Aldrich "Rick" Ames é um vilão nacional, um traidor odiado nos EUA. Funcionário graduado da CIA, vendeu ao inimigo, a KGB, tudo o que sabia. Hoje Rick Ames é o preso nº 40087-083 da penitenciária de Allenwood (Pensilvânia), de segurança máxima.
A entrevista de três horas teve lugar no recinto de visitas da penitenciária, fechado para outros visitantes. Um oficial da CIA, Carol Davis, estava presente e interrompia Ames cada vez que este, a seu ver, estava prestes a revelar informações sigilosas.

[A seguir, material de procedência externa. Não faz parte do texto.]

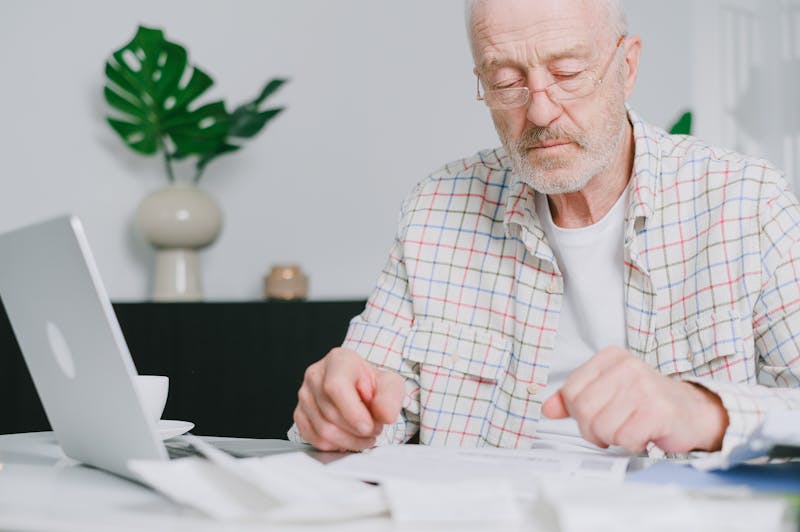 A senior man wearing glasses sitting at a desk with a laptop and paperwork, carefully reviewing documents to learn how to compare Medicare Advantage plans for seniors.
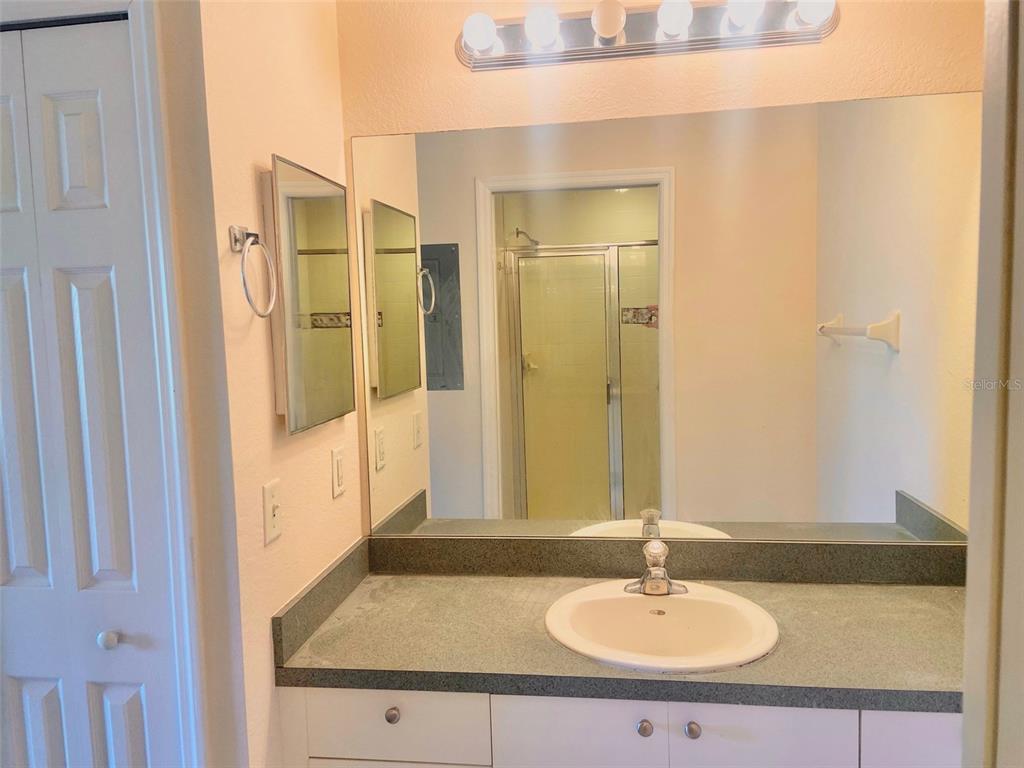 5771 Sabal Trace Drive, Unit 102 B5771 North Port, FL 34287 - Photo 22 of 37 a bathroom with a sink and a mirror
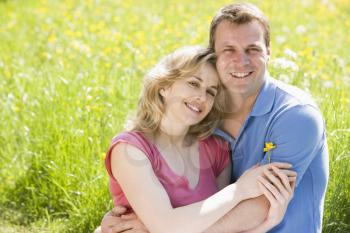 Royalty Free Photo of a Couple Beside a Meadow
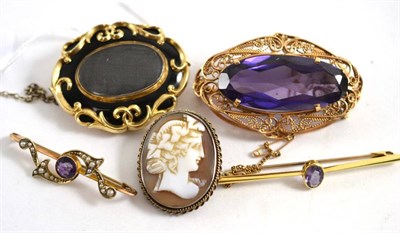 Lot 446 - A Victorian mourning brooch, two amethyst bracelets and two other brooches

Pergunta - Dizem que o sr. é o mais importante espião da KGB (e depois do SVR, o serviço russo de espionagem) jamais descoberto trabalhando no interior da CIA. O sr. concorda?
Aldrich Ames - Eu colocaria a coisa da seguinte maneira: fui o espião americano a serviço da KGB que teve o maior acesso às melhores informações durante o mais longo período de tempo.

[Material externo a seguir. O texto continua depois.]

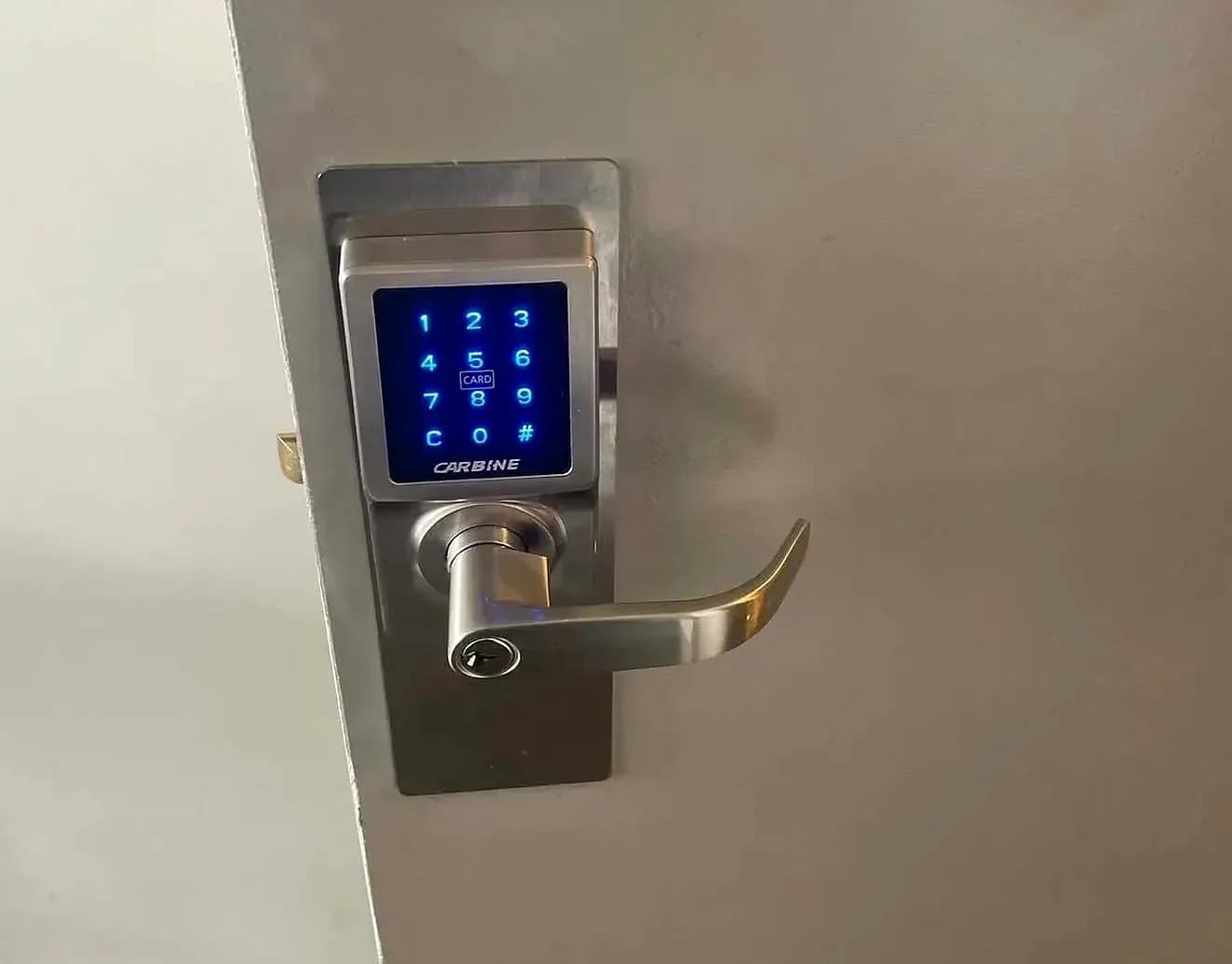 A Carbine keypad and card lever lock lit blue on a grey door, the latch showing at its edge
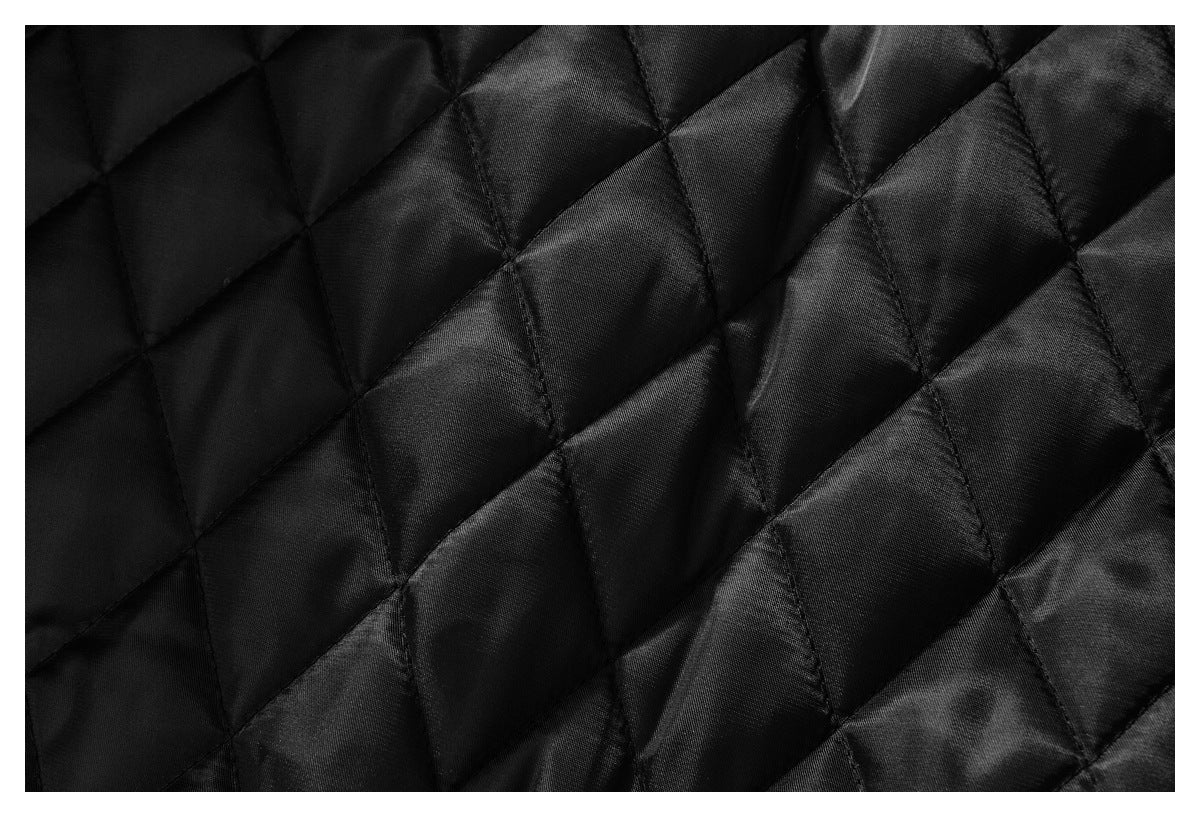 Close-up of black diamond-quilted garment lining.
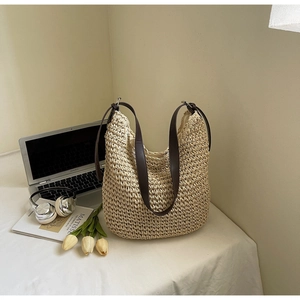 Détails d'un sac cabas en paille tressée avec anses en cuir marron et texture fine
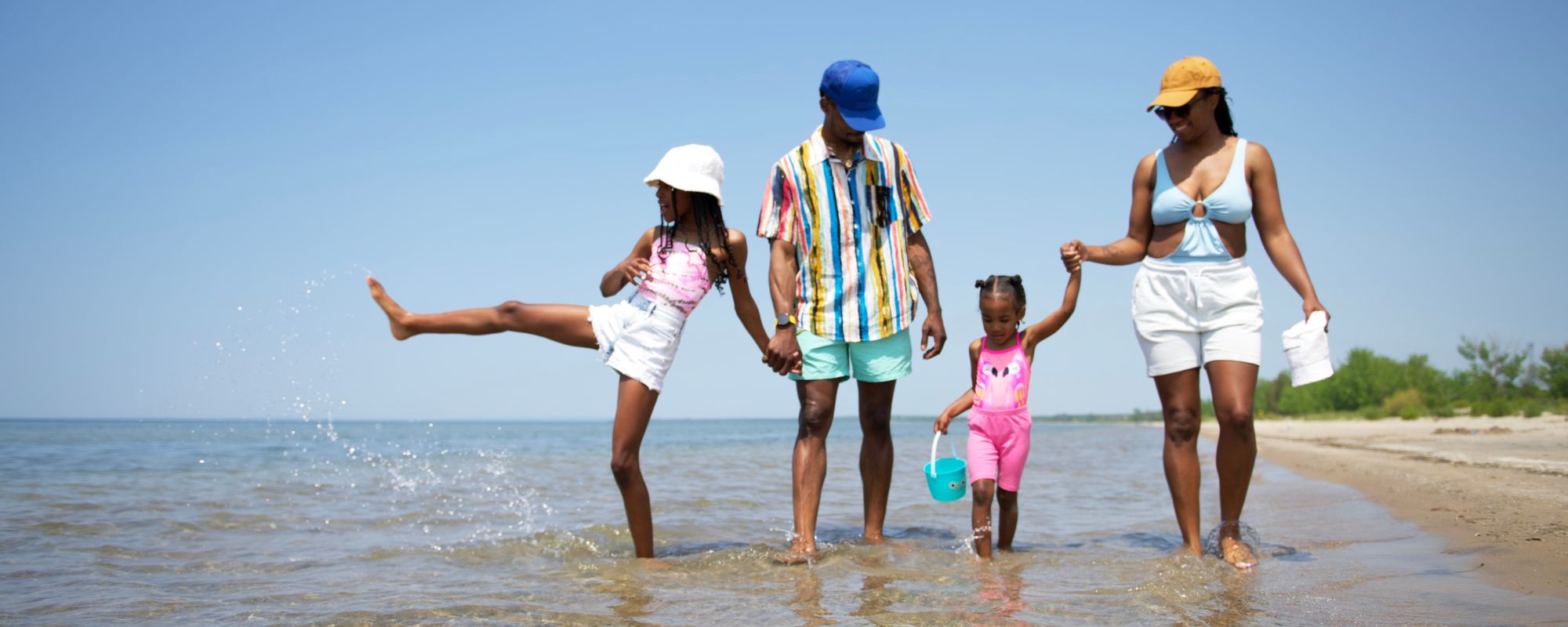 family walking along shoreline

Pergunta - O sr. tem orgulho disso?
Ames - Não, nunca tive. Eu jamais disse a mim mesmo: "Sou melhor do que Kim Philby" (agente duplo britânico, morto em Moscou em 1988). Vale observar que a CIA quer evitar que eu me transforme numa personalidade, como Philby.
Pergunta - Mas o sr. é um canalha, não é?

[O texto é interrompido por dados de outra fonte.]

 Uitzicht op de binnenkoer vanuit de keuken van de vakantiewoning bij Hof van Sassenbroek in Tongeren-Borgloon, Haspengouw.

Ames - Sim, é claro, fui um canalha. Moral e legalmente meu caso é claro. Mas a CIA quer controlar o que eu falo. Ela tem horror de ser criticada publicamente.
Pergunta - Então o sr. merece a pena a que foi condenado?
Ames - Ser condenado por espionagem e ser condenado à prisão —sim, mereço.
Pergunta - À prisão perpétua?
Ames - O sr. sabe, as sentenças nesses casos são políticas. Veja o caso dos Rosenberg. A meu ver eram culpados. Mas será que mereciam ser executados por isso? Provavelmente não.
Pergunta - O que se passou em sua cabeça em abril de 1985? Por que o sr. decidiu, aos 44 anos, trair seu país e a CIA?
Ames - Eu precisava de dinheiro. Minha vida estava conturbada. Eu acabava de voltar do México, onde passara dois anos. Estava me divorciando, ia me casar de novo e tinha muitas dívidas. Achei que a situação financeira era desesperadora. Na verdade não era, mas eu não conseguia raciocinar.
Pergunta - O sr. não cogitou outras soluções para resolver seus problemas financeiros?
Ames - Sim, roubar um banco, por exemplo. Eu tinha muitas idéias muito confusas. Escolhi aquela que me pareceu mais fácil.
Pergunta - Ou seja, vender informações aos soviéticos. O sr. acabava de ser nomeado chefe de operações clandestinas no bloco soviético. Assim, o sr. sabia de muitas coisas que interessariam à KGB.
Ames - Sim. Na guerra dos espiões, nós éramos mais fortes. Dávamos de cem a um neles. Imagine só: 40 oficiais da KGB haviam desertado para nosso lado nos anos anteriores, e haviam descrito sua organização com precisão. Conhecíamos muito bem seus pontos fortes e fracos. Já a KGB tivera poucas vitórias contra a CIA. Ela esperava desesperadamente que algum oficial da CIA lhe oferecesse seus serviços. Eu sabia disso.
Pergunta - O sr. diz que na contra-espionagem a CIA era muito forte. Também o era na espionagem?
Ames - Pelo contrário. Naquela época, Gorbatchov acabava de chegar ao poder, mudanças radicais se anunciavam e nós não tínhamos uma única fonte política de alto nível. Estávamos cegos.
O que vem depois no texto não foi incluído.